Figure 5. Fgf21 is a target of TTP.

(A) mRNA expression of putative Ttp-targeted hepatic secretory proteins in liver from WT and lsTtp-KO mouse fed normal chow (n = 10–12). (B) mRNA levels of putative Ttp-targeted hepatic secretory proteins in liver from WT and lsTtp-KO mouse fed HFD (n = 6–9). (C) Fasted lsTtp-KO mice have increased circulating FGF21 levels after 12 weeks of NC or HFD compared with WT mice (n = 6–14). (D) Genomic Evolutionary Rate Profiling (GERP) of AU-rich elements (AREs) in the FGF21 transcript demonstrates several evolutionarily conserved AREs.
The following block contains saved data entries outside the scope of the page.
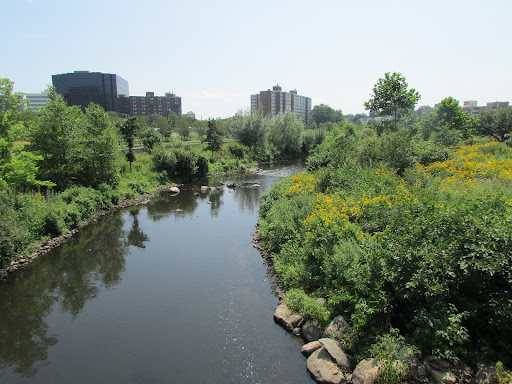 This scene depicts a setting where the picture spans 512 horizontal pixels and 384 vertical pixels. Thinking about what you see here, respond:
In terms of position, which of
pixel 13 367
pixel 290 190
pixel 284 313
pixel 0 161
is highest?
pixel 0 161

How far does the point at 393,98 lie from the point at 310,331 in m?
32.7

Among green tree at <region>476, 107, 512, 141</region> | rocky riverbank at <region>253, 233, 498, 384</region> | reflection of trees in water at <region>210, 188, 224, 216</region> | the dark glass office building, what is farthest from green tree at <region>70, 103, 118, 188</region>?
the dark glass office building

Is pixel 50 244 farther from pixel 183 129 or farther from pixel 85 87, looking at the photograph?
pixel 85 87

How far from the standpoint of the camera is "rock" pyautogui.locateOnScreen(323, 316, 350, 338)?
357 inches

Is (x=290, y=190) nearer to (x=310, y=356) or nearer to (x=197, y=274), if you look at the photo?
(x=197, y=274)

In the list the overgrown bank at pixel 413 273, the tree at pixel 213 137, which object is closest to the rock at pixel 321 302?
the overgrown bank at pixel 413 273

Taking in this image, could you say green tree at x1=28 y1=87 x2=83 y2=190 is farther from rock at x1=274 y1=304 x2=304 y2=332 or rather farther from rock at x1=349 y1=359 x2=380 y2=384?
rock at x1=349 y1=359 x2=380 y2=384

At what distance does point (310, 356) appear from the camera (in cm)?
894

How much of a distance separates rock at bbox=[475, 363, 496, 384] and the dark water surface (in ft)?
13.3

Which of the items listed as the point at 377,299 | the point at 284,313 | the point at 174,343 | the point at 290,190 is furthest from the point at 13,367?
the point at 290,190

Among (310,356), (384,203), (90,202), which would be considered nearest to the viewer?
(310,356)

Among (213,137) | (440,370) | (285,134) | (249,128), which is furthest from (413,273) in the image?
(285,134)

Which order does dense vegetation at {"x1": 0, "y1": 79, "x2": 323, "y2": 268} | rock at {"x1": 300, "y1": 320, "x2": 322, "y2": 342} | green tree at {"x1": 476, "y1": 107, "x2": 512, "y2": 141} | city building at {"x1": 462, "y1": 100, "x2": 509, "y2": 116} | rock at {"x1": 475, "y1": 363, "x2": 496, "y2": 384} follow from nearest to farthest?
1. rock at {"x1": 475, "y1": 363, "x2": 496, "y2": 384}
2. rock at {"x1": 300, "y1": 320, "x2": 322, "y2": 342}
3. dense vegetation at {"x1": 0, "y1": 79, "x2": 323, "y2": 268}
4. green tree at {"x1": 476, "y1": 107, "x2": 512, "y2": 141}
5. city building at {"x1": 462, "y1": 100, "x2": 509, "y2": 116}

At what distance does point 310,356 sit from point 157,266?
32.5 feet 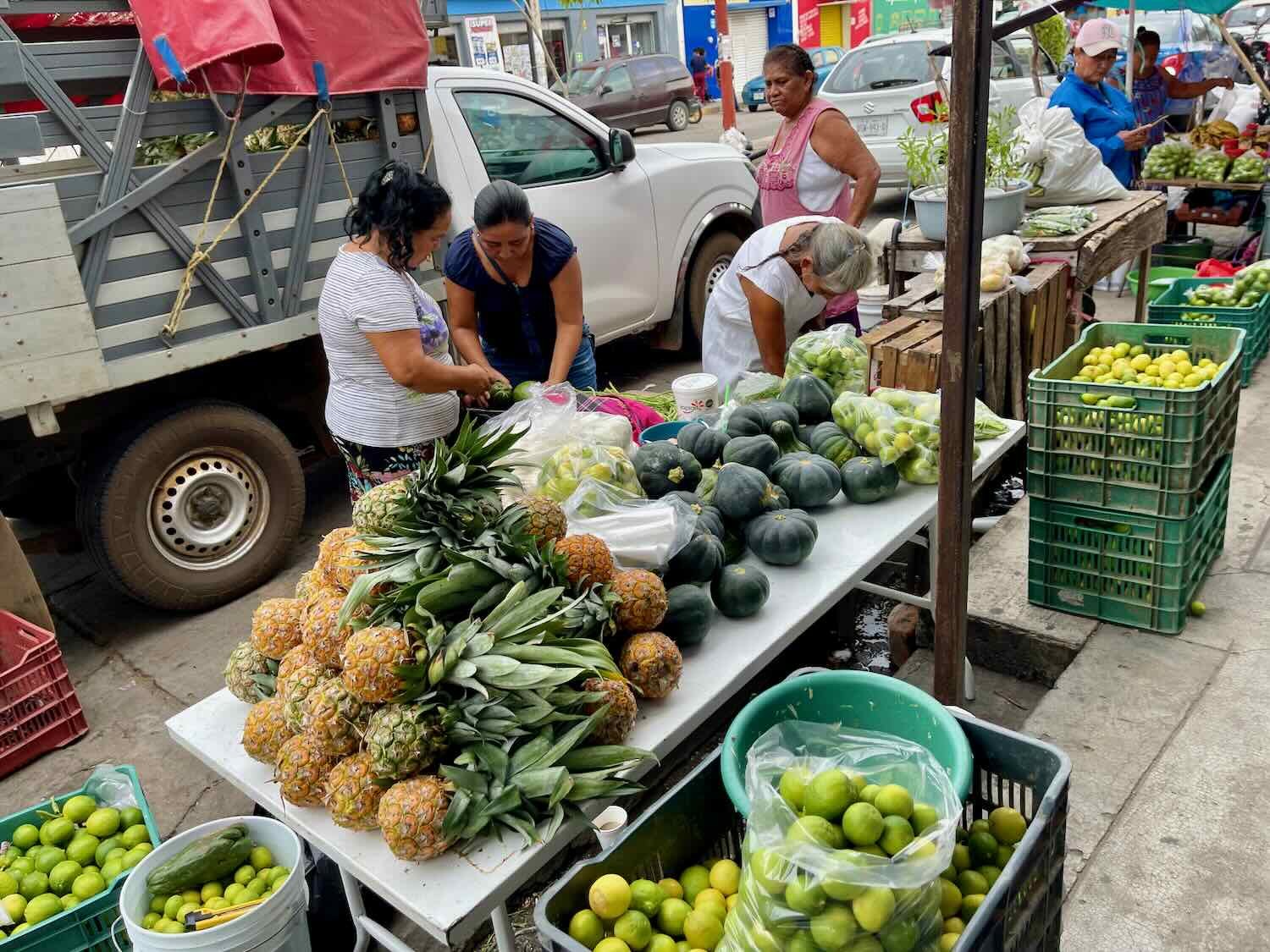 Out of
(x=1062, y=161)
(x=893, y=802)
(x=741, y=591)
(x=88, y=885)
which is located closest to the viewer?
(x=893, y=802)

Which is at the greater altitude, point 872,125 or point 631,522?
point 872,125

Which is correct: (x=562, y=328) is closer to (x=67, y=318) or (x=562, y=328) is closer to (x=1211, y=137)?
(x=67, y=318)

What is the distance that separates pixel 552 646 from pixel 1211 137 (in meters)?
8.71

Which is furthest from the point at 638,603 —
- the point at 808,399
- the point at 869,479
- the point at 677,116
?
the point at 677,116

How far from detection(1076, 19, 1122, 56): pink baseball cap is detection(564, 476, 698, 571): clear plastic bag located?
5461mm

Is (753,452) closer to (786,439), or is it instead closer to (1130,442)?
(786,439)

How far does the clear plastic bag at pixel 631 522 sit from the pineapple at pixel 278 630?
2.31ft

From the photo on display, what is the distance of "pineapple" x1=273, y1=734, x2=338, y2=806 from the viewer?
1875 millimetres

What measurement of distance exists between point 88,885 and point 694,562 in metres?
1.84

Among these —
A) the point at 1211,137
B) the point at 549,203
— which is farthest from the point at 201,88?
the point at 1211,137

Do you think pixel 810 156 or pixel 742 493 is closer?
pixel 742 493

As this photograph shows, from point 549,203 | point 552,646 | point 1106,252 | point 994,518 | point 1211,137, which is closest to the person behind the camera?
point 552,646

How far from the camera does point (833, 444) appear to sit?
3043 millimetres

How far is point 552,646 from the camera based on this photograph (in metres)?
1.93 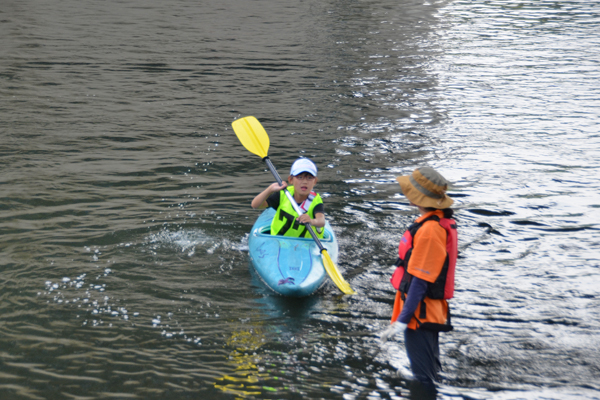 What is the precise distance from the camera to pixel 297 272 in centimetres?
549

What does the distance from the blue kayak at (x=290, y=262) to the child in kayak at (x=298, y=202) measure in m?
0.15

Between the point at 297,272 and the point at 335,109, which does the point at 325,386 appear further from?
the point at 335,109

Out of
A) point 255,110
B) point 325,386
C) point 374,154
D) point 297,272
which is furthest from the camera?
point 255,110

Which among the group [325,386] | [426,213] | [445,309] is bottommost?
[325,386]

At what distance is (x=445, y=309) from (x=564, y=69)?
47.1 feet

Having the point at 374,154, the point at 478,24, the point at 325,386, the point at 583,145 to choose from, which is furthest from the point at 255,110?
the point at 478,24

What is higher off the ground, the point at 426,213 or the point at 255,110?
the point at 426,213

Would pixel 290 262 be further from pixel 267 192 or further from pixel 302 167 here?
pixel 302 167

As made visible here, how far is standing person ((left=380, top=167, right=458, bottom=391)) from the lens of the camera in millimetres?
3480

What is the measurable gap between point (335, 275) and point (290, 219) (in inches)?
33.2

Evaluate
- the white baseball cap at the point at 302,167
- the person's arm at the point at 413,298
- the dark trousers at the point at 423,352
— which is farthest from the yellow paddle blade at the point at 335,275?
the person's arm at the point at 413,298

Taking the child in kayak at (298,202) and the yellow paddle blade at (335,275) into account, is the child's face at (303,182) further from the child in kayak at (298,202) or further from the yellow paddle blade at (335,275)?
the yellow paddle blade at (335,275)

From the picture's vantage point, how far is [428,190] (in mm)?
3559

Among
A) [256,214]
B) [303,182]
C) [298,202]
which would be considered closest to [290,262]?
[298,202] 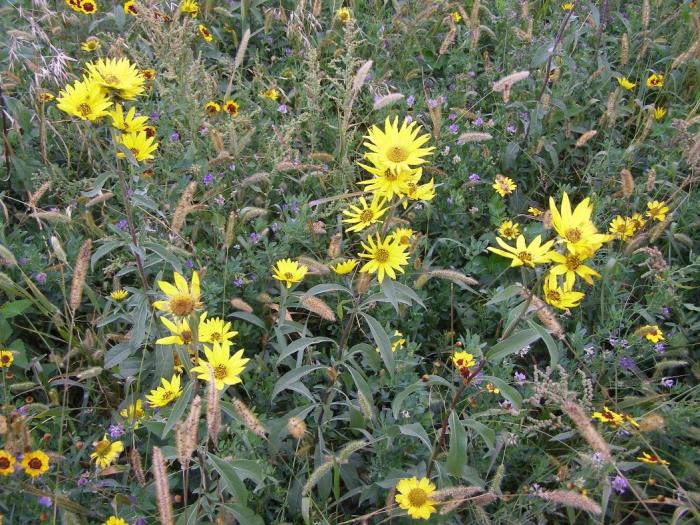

The numbers in the legend represent the nucleotide location of the ARE site with respect to the start of the coding region. (E) Fgf21 mRNA is stabilized in primary hepatocytes from lsTtp-KO compared with WT mice (n = 4). (F) TTP protein physically interacts with FGF21 mRNA as assessed by RNA co-IP (n = 3–6). (G) Human FGF21 3′-UTR-luciferase reporter construct signal is higher in Ttp-KO MEFs compared with WT MEFs (n = 6). (H) Overexpression of WT TTP, but not C124R mutant TTP, reduces luminescence signal of the human FGF21 3′-UTR-luciferase reporter construct (n = 5–6). (I) Deletion of ARE in human FGF21 3′-UTR-luciferase construct (ΔARE) abolishes the regulation by TTP overexpression (n = 8–15). Data presented as the relative luciferase activity in the presence of TTP overexpression for each construct. NC, normal chow; HFD, high-fat diet; EV, empty pMIR-REPORT vector; WT, WT human FGF21 3′-UTR-luciferase construct. Data are presented as mean ± SEM. *P < 0.05 by 1-way ANOVA with post hoc Fisher’s LSD test.